Cette approche ne sera efficace, cependant, que si elle va de pair avec une campagne vigoureuse autour d’un programme réellement communiste. Nous devons revendiquer l’intégration dans le programme du parti de la nationalisation, sous le contrôle démocratique des travailleurs, de toutes les banques sans exception, de toutes les grandes entreprises industrielles et de toutes les grandes chaînes de distribution. Le socialisme ne signifie pas la nationalisation des petites entreprises, des cafés et des boulangeries, mais les communistes doivent expliquer inlassablement que l’épine dorsale de l’économie nationale doit être arrachée des mains des capitalistes et placée fermement dans le domaine public et sous le contrôle démocratique du salariat. De cette manière, et seulement de cette manière, un futur gouvernement de gauche pourrait se donner les moyens d’un vaste programme de réforme sociale, dont une réduction de la semaine du travail, une augmentation des salaires, un emploi garanti pour tous, ainsi que la provision des ressources financières nécessaires à des services sociaux de qualité et accessibles à tous.
Les dirigeants actuels du Parti Socialiste, bien sûr, n’accepteront pas ce programme. Ils répondront qu’avec de telles exigences, il vaut mieux que le PCF reste en dehors du gouvernement. Mais dès lors que les socialistes au gouvernement se comporteraient exactement comme les communistes l’auraient prévu, le PCF gagnerait en autorité et en soutien auprès des travailleurs et des jeunes, qui verraient que les communistes avaient vu juste et les avaient prévenus. Cette approche aurait également un effet positif sur les militants de base du Parti Socialiste, créant ainsi des difficultés pour la droite du PS sur tous les fronts.

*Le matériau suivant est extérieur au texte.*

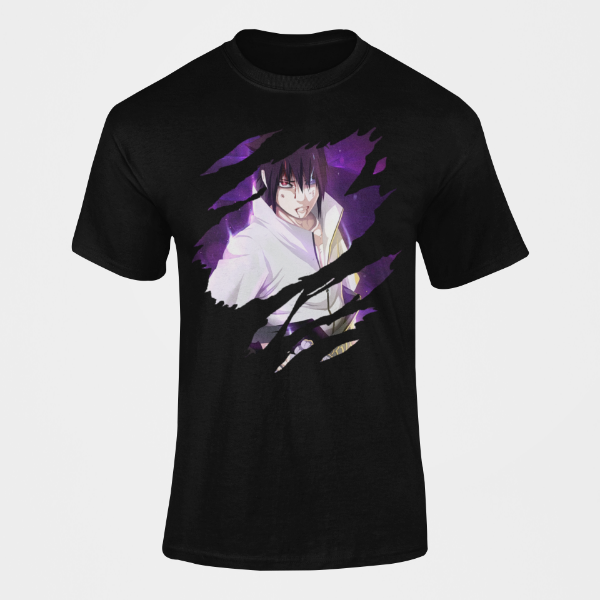 T-Shirt Sasuke Uchiha noir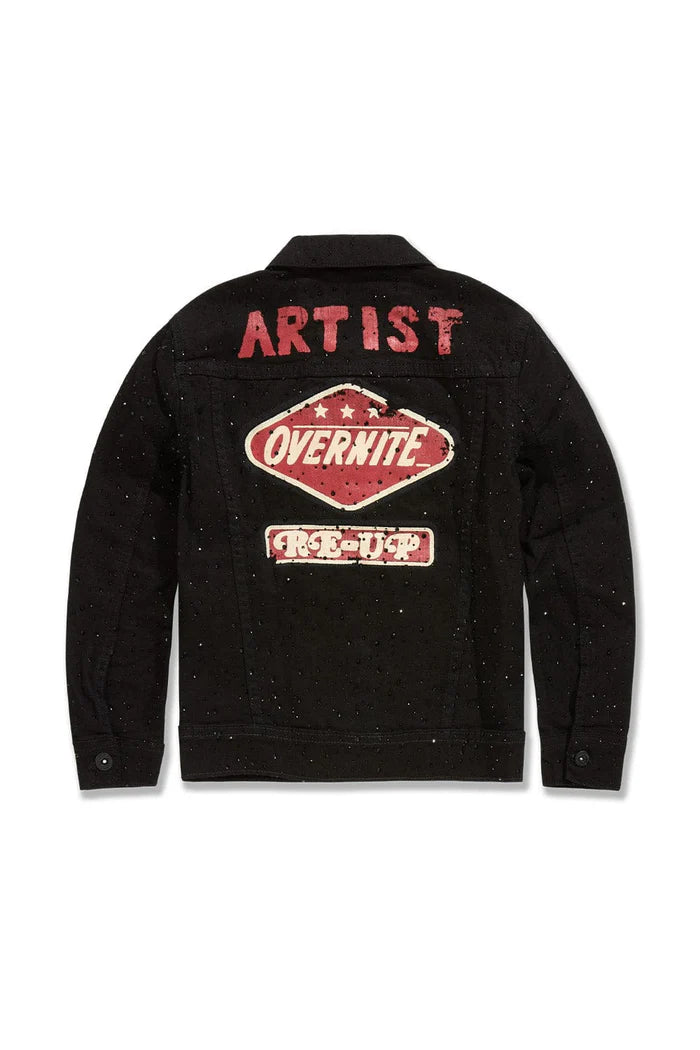 Jordan Craig - Kids Local Dealer Trucker Jacket & Stacked Denim Set - Jet Black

Ceux qui veulent enterrer le PCF se trompent. Ses résultats aux régionales et aux européennes n’indiquent pas forcément un renversement de tendance, mais ils marquent au moins un arrêt par rapport à la dégringolade précédente. Les causes profondes du recul du PCF résident dans les erreurs et insuffisances qui n’ont pas permis au parti de se démarquer clairement de la politique défendue par la direction du PS. La crédibilité du parti a été minée, aussi, par le fait d’avoir fait l’apologie, pendant plusieurs décennies, des régimes dictatoriaux en URSS et dans les pays de l’Est.
Mais tout ceci ne signifie pas, comme le prétendent les « analystes » préférés des médias, que le PCF est en phase terminale d’un quelconque « déclin historique ». En réalité, les résultats électoraux obtenus par le PCF sont bien en dessous de son véritable potentiel. Réaliser ce potentiel en ouvrant la perspective d’une société véritablement socialiste et démocratique, voilà ce que doit être l’objectif de tous les communistes dans les mois et les années à venir.